Anyone know of a ADS-B UAT receiver that will work on a PC? Everything I have found is for 1090. I'm trying to do a personal side project that shows the locations of our fleet around the local area in real time.
I would like to see that. Theoretical the RTL receivers should be able to pick up TIS-B on the UAT... I might be interested in trying to write such a thing if I could find the spec for the UAT data. Of course it might be easier using one of the "designed for UAT" receivers.
They're only on 1090ES right now. I wish there was a dual link version but not yet. Given the low number of users on either band, it's not likely to give you much more than you have with just 1090ES.

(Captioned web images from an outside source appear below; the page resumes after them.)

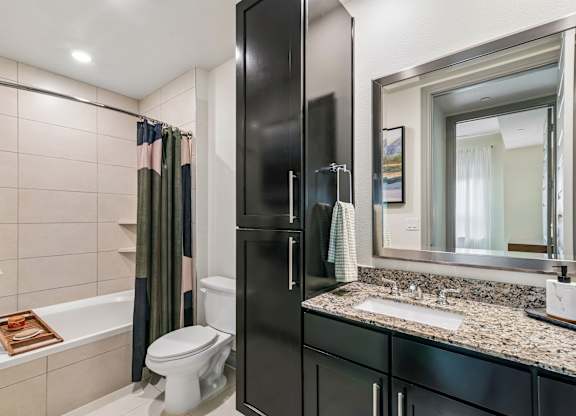 A bathroom with a black cabinet, a white toilet, a bathtub with a towel, and a mirror.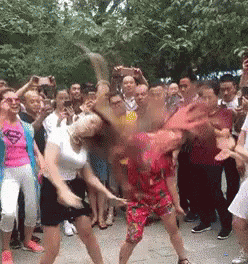 Two Women Dancing, One in Superman Shirt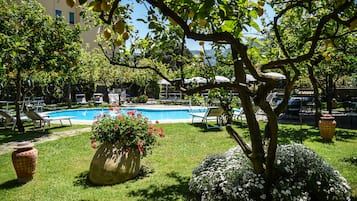Un espace piscine avec des chaises longues, un grand pot de fleurs et un arbre.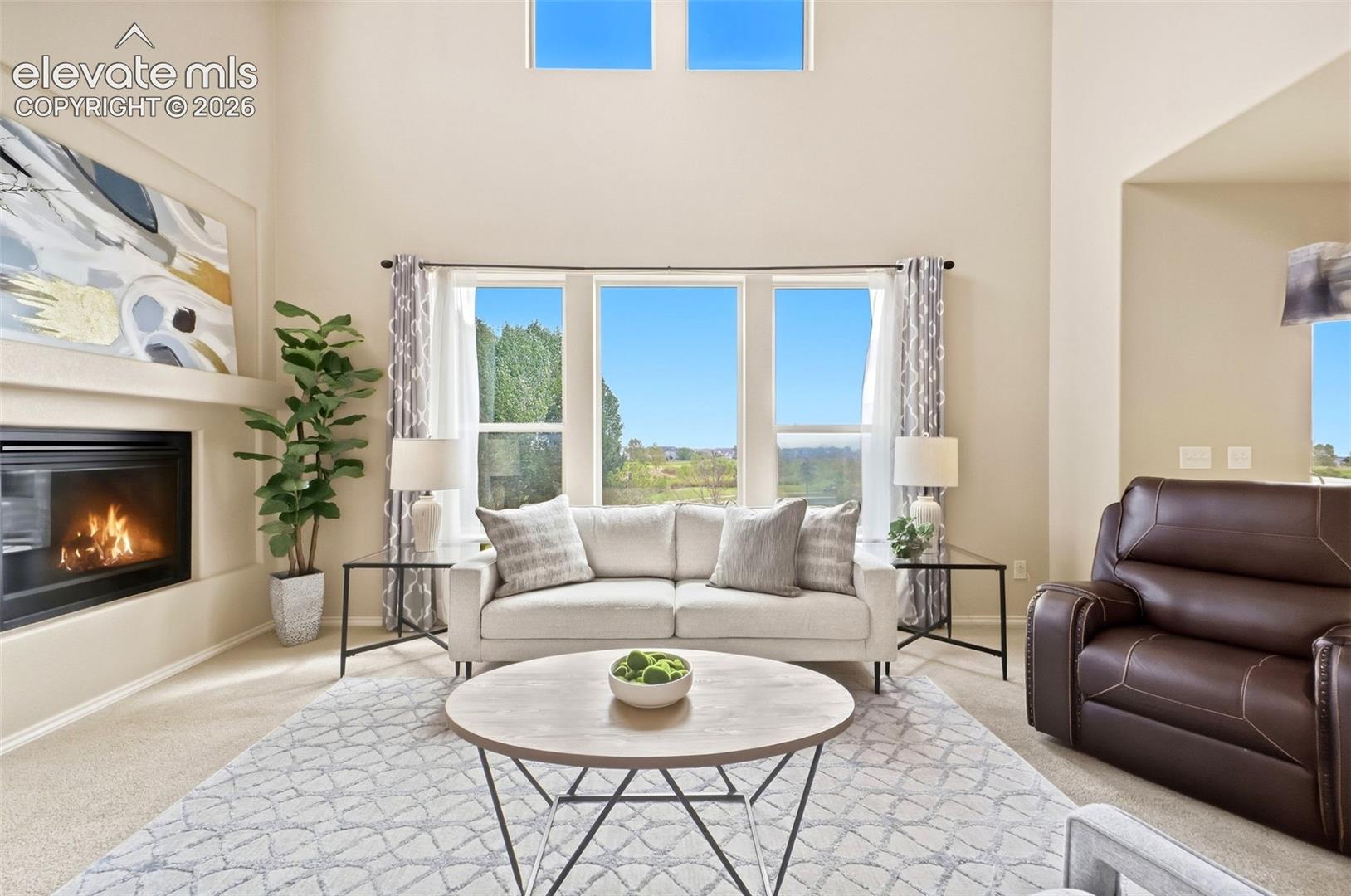 Open living room with high ceilings, tons of natural light, and a gas fireplace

I've read some blogs on people trying to crack the data block. I think the issue is no one has been able to write a decoder that is able to separate the ADSB from the TIS and FIS data. All I would need is the ADSB block. Then I just have to plot the data. Receiving the TIS data is impossible at our distance from the tower
ADS-B data is transmitted using different modulation and at a high data rate. It is more hardware intensive to receive, demodulate, and decode. (plus, unless you are very near a tower you are not going to receive on the ground) Rich
The point would not be to pick up the transmissions from the ground towers. The point would be to receive the aircraft's ADS-B out transmission, just like you do on 1090ES. Receiving the ground tower transmissions (TIS-B, FIS-B, and ADS-R) on a computer in your living room would be rather pointless.
I'm working on something similar. The plan of record is to extend my onboard traffic thingie to include UAT. There's a thread: http://www.pilotsofamerica.com/forum/showthread.php?t=65894
I saw that you were able to pick up a UAT data burst. Did you just pick up the signal or was it the actual text data?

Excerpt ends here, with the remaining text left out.